What is needed
Begin the copy at the line containing "5 bedroom flat" in the data below and end it at the line containing "10 - Bajaj Diamond, Bandra West", keeping each line exact and leaving out pictures.

Supplied material
▼

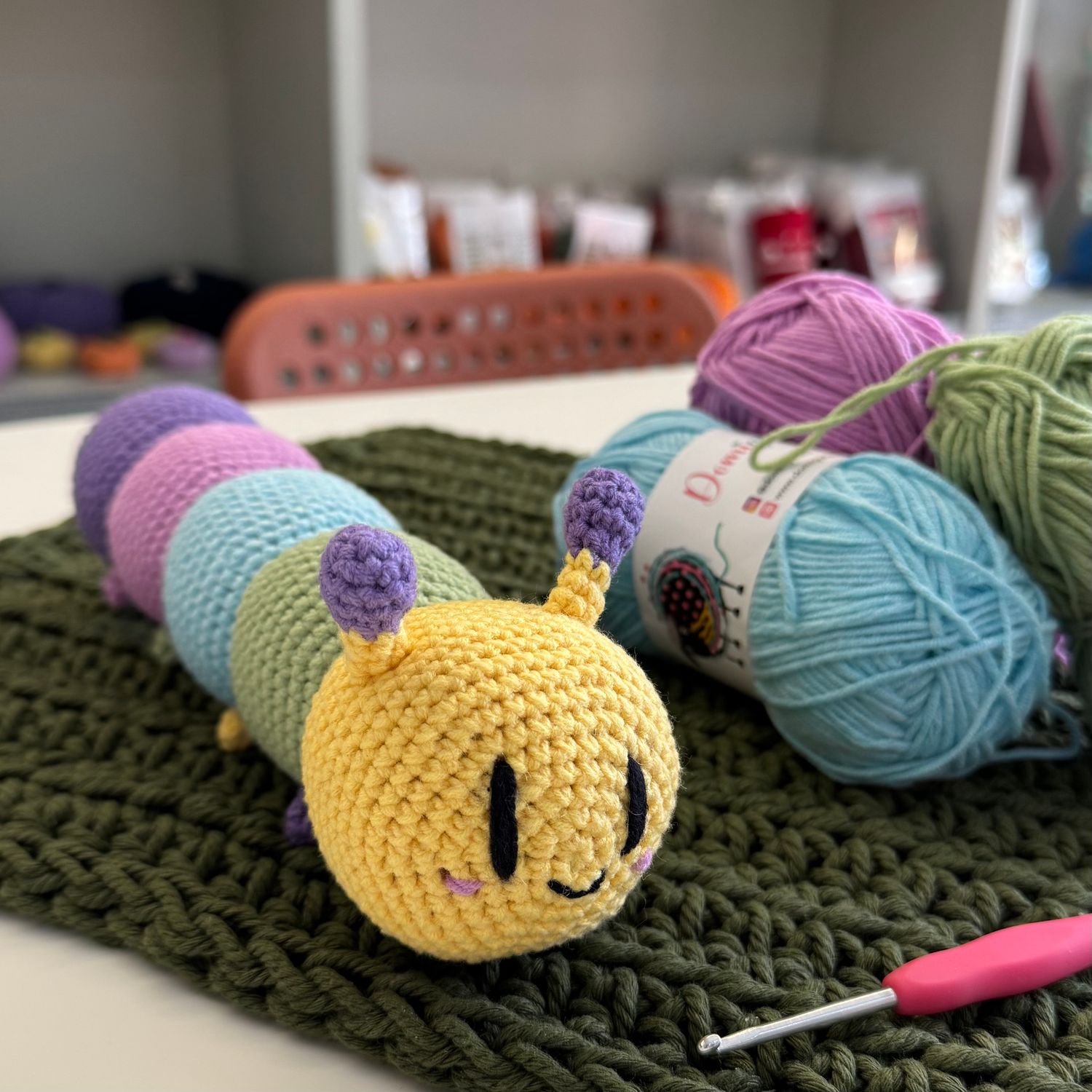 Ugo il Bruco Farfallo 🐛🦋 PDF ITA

▲
▼

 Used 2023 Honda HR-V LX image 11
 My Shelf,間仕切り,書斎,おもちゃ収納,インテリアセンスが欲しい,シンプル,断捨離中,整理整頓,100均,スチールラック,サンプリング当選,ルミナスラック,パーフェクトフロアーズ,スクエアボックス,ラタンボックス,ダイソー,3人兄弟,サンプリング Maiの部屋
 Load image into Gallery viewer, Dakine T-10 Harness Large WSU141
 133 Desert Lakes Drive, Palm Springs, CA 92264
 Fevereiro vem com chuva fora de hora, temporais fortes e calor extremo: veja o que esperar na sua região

▲
▼

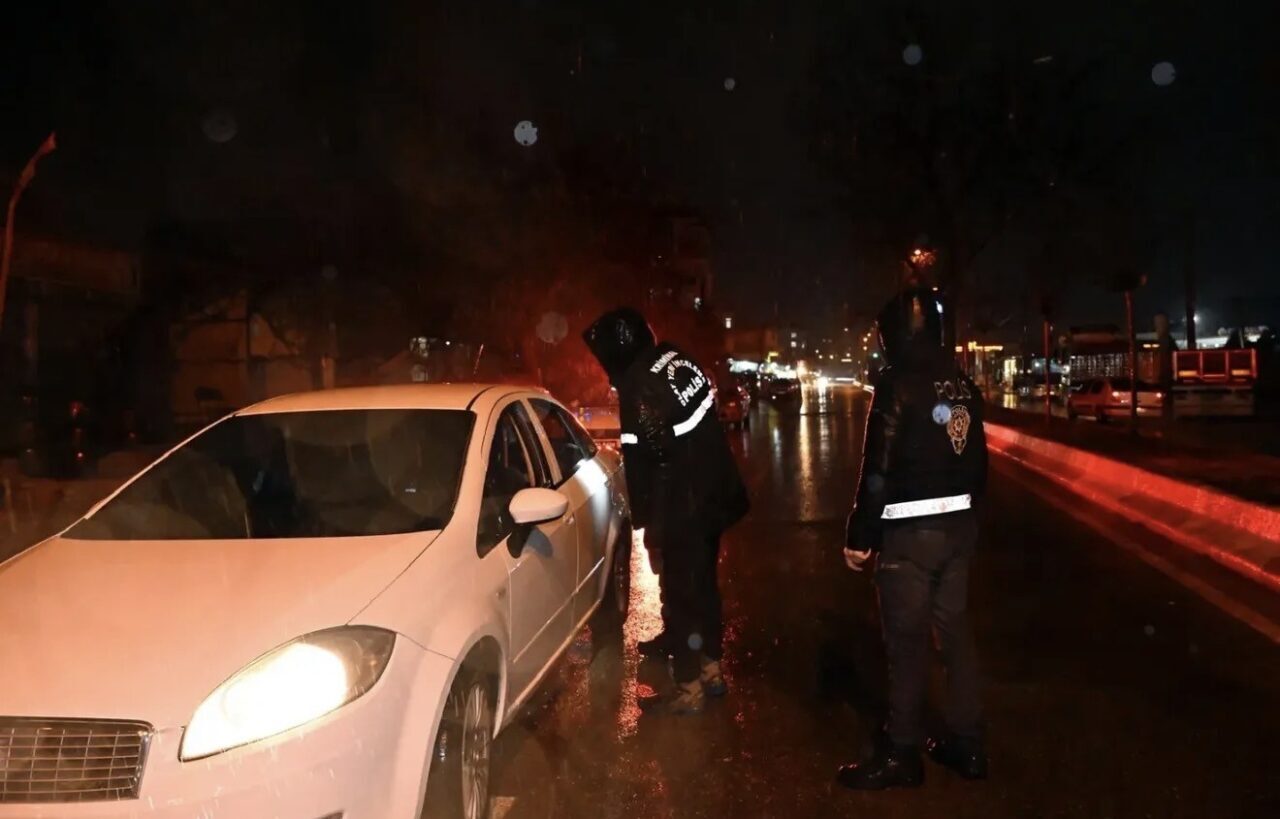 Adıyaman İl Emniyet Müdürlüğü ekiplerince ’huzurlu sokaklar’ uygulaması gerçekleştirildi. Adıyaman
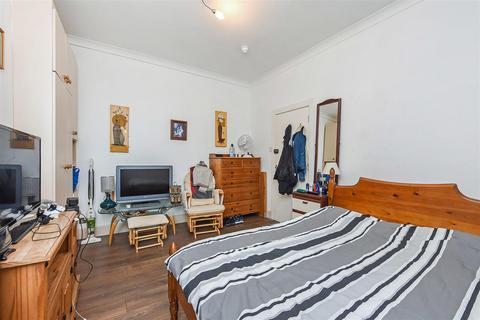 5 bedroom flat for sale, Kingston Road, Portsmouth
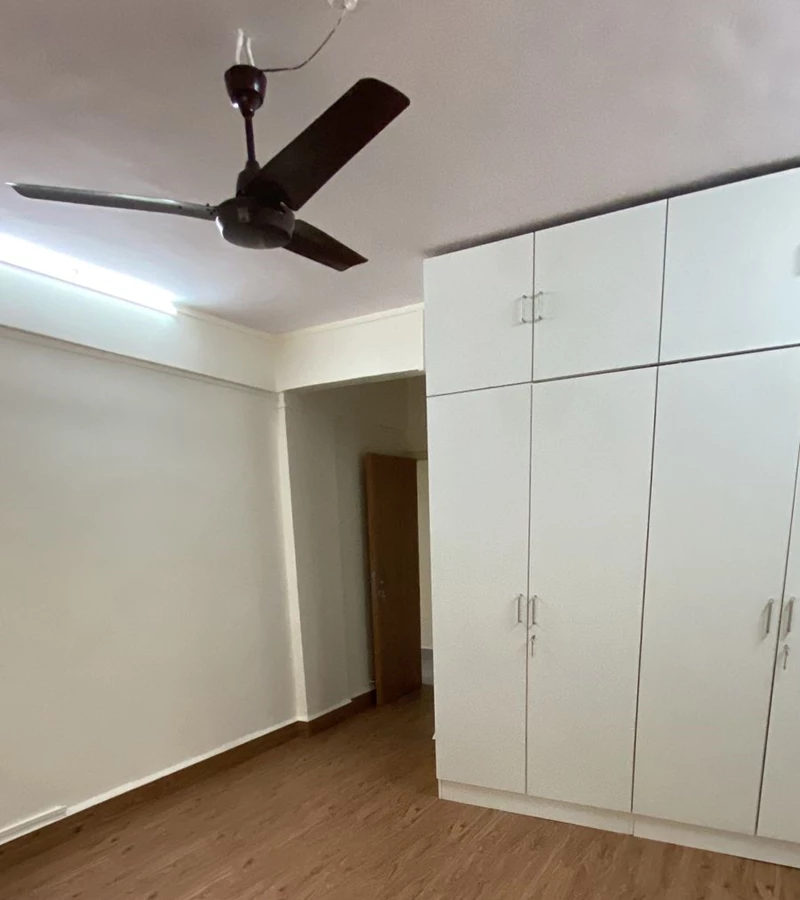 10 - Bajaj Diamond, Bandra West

▲

Response below
 5 bedroom flat for sale, Kingston Road, Portsmouth
 10 - Bajaj Diamond, Bandra West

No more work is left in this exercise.